[Start of Attachment]

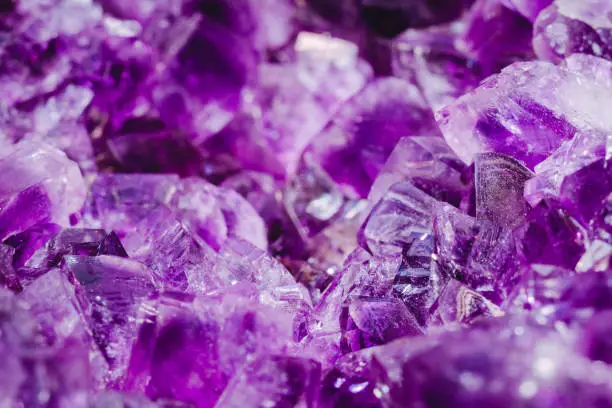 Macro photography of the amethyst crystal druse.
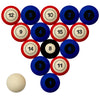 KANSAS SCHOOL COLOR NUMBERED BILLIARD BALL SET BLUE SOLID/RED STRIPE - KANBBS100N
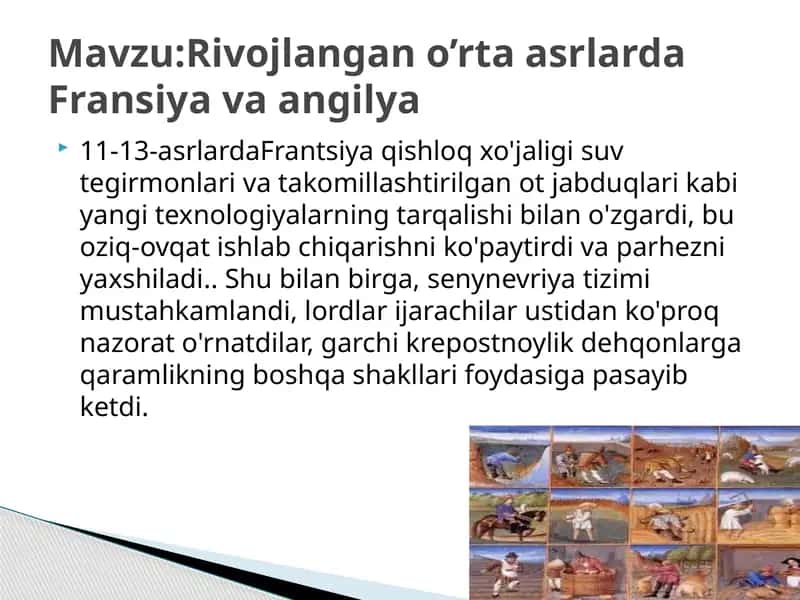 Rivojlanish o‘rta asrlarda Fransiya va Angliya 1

[End of Attachment]
[Start of Attachment]

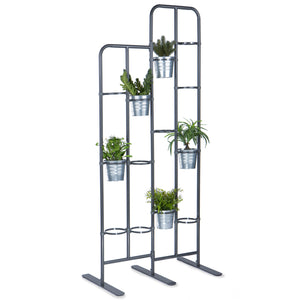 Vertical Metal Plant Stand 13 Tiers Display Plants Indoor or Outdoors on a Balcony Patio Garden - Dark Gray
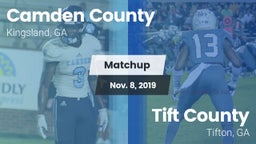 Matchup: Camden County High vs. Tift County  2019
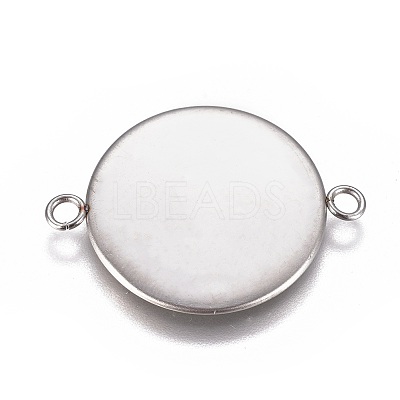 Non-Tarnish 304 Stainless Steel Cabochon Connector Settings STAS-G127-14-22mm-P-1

[End of Attachment]

• [Task]: Keep to the stretch from the line containing "Macro photography of" through the line containing "Rivojlanish o‘rta asrlarda", both ends included, and copy it exactly from the listing above, minus the pictures.

• [Answer space]:
 Macro photography of the amethyst crystal druse.
 KANSAS SCHOOL COLOR NUMBERED BILLIARD BALL SET BLUE SOLID/RED STRIPE - KANBBS100N
 Rivojlanish o‘rta asrlarda Fransiya va Angliya 1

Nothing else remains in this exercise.